EAANet: Efficient Attention Augmented Convolutional Networks
This work addresses efficiency bottlenecks in computer vision models for researchers and practitioners, but it is incremental as it builds on existing hybrid architectures.
The paper tackles the high computational and memory complexity of self-attention in hybrid convolutional networks by proposing EAANet, which incorporates efficient self-attention mechanisms, resulting in performance improvements over AA-Net and ResNet18 and better scalability with high-resolution images.

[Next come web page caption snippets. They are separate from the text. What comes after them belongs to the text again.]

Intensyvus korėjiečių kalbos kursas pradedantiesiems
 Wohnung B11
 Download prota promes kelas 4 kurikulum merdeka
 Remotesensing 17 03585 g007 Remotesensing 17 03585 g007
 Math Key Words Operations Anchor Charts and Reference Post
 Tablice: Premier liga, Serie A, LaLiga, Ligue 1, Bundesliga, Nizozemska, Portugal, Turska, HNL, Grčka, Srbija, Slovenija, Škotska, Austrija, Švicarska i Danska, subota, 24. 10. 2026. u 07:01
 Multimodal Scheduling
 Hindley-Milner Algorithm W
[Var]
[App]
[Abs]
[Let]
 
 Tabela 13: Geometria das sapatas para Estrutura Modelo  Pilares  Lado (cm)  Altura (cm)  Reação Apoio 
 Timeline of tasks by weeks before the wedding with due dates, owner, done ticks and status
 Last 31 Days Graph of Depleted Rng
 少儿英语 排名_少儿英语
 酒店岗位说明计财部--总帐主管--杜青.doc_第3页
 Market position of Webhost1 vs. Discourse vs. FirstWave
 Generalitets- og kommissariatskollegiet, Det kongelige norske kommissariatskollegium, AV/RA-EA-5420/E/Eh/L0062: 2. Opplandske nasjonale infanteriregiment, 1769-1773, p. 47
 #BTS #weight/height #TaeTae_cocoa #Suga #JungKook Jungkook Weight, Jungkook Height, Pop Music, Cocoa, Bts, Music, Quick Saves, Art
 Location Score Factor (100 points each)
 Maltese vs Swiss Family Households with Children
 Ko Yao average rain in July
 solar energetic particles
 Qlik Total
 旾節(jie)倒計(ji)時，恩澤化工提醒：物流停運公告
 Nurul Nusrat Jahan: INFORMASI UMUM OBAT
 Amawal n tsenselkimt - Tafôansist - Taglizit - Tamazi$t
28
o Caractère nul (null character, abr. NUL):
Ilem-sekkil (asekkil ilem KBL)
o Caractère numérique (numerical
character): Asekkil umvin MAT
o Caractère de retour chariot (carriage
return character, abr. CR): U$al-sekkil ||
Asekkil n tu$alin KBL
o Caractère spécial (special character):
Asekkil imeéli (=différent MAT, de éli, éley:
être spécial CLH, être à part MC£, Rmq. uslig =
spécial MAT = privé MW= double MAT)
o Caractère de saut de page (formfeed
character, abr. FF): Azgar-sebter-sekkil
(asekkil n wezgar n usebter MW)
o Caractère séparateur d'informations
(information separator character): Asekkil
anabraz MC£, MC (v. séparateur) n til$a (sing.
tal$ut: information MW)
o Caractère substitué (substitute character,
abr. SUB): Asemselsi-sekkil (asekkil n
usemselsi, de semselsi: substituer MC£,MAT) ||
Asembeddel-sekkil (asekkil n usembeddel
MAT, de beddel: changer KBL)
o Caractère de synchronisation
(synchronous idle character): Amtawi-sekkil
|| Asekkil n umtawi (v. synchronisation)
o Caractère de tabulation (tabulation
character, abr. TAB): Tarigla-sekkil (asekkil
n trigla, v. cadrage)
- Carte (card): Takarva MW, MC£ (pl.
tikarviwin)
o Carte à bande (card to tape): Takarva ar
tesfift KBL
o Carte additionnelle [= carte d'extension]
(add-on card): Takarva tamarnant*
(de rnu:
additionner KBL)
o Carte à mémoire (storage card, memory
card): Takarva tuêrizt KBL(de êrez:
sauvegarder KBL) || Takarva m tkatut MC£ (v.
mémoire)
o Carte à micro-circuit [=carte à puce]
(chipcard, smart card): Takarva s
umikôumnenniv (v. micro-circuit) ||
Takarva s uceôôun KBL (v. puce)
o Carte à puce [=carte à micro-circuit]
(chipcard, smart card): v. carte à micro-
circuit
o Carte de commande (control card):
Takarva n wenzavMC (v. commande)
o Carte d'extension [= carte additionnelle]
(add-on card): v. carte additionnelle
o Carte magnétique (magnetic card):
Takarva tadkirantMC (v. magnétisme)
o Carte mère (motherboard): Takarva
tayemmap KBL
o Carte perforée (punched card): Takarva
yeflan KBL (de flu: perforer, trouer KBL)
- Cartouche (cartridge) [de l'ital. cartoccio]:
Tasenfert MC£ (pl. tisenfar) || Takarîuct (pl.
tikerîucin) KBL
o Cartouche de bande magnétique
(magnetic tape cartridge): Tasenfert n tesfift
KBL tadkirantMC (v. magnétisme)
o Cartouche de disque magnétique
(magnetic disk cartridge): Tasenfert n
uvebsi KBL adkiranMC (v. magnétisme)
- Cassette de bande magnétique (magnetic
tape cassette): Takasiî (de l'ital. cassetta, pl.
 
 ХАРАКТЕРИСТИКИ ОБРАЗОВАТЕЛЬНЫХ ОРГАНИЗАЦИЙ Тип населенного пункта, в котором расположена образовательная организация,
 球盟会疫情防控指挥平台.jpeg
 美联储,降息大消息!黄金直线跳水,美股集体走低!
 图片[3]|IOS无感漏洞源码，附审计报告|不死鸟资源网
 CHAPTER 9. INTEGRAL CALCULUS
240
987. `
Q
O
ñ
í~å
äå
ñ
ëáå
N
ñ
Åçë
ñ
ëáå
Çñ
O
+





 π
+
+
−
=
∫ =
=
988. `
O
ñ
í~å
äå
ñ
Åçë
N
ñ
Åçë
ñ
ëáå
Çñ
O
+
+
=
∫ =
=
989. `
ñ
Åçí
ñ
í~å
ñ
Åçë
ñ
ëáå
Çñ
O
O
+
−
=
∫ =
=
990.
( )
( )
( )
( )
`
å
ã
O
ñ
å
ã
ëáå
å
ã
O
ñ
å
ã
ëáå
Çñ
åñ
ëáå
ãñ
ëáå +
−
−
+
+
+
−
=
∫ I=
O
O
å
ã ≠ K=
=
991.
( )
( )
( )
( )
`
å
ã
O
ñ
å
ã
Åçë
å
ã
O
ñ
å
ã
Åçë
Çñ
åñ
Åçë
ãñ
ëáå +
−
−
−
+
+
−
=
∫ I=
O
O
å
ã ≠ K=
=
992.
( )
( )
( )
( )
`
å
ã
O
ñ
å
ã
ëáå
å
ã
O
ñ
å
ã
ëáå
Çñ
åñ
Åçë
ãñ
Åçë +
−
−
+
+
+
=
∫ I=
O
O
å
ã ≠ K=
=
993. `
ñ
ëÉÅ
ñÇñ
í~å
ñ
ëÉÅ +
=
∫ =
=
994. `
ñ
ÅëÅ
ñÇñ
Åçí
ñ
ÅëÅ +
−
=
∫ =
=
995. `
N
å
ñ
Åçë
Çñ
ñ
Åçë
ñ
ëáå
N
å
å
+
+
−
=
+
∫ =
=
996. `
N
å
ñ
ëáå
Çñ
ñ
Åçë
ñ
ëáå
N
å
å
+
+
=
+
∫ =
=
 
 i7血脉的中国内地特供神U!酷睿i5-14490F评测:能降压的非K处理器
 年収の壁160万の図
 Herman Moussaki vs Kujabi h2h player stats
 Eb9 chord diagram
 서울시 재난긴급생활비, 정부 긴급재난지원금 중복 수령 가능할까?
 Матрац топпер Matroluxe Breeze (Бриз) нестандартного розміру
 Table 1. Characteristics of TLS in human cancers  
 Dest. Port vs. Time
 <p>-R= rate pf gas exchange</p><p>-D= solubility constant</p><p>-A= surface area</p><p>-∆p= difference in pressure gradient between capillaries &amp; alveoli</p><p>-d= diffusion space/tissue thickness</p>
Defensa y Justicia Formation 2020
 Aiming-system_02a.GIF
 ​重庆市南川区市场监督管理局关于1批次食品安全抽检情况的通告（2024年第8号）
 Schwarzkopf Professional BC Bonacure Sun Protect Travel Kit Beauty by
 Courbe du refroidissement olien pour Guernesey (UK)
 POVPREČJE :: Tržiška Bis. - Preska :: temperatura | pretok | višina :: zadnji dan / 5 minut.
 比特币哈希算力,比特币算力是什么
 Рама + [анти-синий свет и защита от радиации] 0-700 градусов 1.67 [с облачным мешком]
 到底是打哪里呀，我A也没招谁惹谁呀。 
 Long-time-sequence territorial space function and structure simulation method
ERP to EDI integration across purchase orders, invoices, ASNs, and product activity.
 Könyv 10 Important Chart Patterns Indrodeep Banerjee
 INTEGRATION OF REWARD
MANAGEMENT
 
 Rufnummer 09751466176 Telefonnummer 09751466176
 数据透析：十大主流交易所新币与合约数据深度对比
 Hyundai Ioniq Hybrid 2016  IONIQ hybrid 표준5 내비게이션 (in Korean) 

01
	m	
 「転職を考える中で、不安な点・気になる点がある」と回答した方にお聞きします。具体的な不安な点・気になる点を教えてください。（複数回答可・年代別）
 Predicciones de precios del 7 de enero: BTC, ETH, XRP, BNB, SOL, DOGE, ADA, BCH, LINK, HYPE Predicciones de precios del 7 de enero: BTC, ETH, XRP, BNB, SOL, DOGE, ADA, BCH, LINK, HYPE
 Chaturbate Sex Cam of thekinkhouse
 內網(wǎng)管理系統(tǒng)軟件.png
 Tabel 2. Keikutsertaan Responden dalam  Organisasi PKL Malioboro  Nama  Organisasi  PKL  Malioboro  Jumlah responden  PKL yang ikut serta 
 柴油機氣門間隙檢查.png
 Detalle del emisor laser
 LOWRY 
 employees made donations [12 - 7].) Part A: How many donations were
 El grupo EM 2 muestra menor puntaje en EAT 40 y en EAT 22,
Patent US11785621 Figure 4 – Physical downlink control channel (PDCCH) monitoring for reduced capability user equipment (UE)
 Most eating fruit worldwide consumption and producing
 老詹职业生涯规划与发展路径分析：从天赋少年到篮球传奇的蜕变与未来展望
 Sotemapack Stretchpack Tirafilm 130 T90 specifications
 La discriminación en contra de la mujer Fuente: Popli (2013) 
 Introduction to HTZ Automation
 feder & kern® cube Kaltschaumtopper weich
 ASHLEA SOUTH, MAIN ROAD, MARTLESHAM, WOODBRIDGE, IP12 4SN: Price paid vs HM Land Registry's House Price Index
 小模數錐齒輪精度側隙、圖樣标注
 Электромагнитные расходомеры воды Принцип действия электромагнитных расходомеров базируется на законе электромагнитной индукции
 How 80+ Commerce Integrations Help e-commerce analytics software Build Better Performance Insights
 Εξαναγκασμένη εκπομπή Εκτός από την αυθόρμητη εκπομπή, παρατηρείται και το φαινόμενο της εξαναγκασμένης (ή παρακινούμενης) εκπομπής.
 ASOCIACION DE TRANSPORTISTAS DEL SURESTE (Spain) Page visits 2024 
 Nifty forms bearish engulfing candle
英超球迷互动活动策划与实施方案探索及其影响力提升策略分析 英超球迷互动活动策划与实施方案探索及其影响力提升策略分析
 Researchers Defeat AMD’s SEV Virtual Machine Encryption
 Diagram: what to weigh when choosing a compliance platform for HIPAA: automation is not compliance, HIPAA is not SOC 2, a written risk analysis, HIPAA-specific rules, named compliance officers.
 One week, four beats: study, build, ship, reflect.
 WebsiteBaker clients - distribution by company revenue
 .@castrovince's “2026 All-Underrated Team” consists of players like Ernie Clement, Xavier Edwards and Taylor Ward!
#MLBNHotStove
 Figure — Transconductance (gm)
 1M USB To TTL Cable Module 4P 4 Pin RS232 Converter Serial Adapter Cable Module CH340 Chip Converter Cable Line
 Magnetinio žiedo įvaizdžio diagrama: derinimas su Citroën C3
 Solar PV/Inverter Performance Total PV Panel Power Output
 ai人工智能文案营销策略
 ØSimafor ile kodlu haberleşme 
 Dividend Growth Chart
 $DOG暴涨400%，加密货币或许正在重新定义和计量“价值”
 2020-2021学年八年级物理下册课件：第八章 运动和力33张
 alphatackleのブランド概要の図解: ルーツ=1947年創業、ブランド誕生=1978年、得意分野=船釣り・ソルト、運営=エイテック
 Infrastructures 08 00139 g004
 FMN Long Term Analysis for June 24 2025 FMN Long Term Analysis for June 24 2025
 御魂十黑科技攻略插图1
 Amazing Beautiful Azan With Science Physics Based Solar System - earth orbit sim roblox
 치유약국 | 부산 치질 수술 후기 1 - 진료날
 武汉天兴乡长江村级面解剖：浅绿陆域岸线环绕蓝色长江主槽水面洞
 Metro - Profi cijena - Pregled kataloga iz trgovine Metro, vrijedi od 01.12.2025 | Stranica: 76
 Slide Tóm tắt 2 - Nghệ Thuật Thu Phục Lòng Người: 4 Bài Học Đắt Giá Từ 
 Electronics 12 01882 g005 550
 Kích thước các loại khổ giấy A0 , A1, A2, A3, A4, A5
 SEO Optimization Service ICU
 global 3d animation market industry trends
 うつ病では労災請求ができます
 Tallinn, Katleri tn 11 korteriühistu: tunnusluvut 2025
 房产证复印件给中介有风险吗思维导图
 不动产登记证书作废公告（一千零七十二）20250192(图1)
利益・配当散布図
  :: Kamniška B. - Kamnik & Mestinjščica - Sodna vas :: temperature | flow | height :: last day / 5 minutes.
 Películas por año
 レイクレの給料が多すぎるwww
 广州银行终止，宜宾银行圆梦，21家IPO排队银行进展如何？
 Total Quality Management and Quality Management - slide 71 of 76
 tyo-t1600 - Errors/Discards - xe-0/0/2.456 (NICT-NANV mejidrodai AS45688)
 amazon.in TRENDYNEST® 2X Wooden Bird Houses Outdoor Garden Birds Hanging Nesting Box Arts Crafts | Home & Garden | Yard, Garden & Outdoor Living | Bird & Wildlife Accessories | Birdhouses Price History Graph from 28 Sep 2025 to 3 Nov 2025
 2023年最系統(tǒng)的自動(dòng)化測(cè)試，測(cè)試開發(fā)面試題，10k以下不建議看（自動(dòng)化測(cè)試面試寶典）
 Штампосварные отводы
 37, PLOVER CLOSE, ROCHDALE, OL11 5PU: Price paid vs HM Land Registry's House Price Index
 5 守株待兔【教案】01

Humans can effectively find salient regions in complex scenes. Self-attention mechanisms were introduced into Computer Vision (CV) to achieve this. Attention Augmented Convolutional Network (AANet) is a mixture of convolution and self-attention, which increases the accuracy of a typical ResNet. However, The complexity of self-attention is O(n2) in terms of computation and memory usage with respect to the number of input tokens. In this project, we propose EAANet: Efficient Attention Augmented Convolutional Networks, which incorporates efficient self-attention mechanisms in a convolution and self-attention hybrid architecture to reduce the model's memory footprint. Our best model show performance improvement over AA-Net and ResNet18. We also explore different methods to augment Convolutional Network with self-attention mechanisms and show the difficulty of training those methods compared to ResNet. Finally, we show that augmenting efficient self-attention mechanisms with ResNet scales better with input size than normal self-attention mechanisms. Therefore, our EAANet is more capable of working with high-resolution images.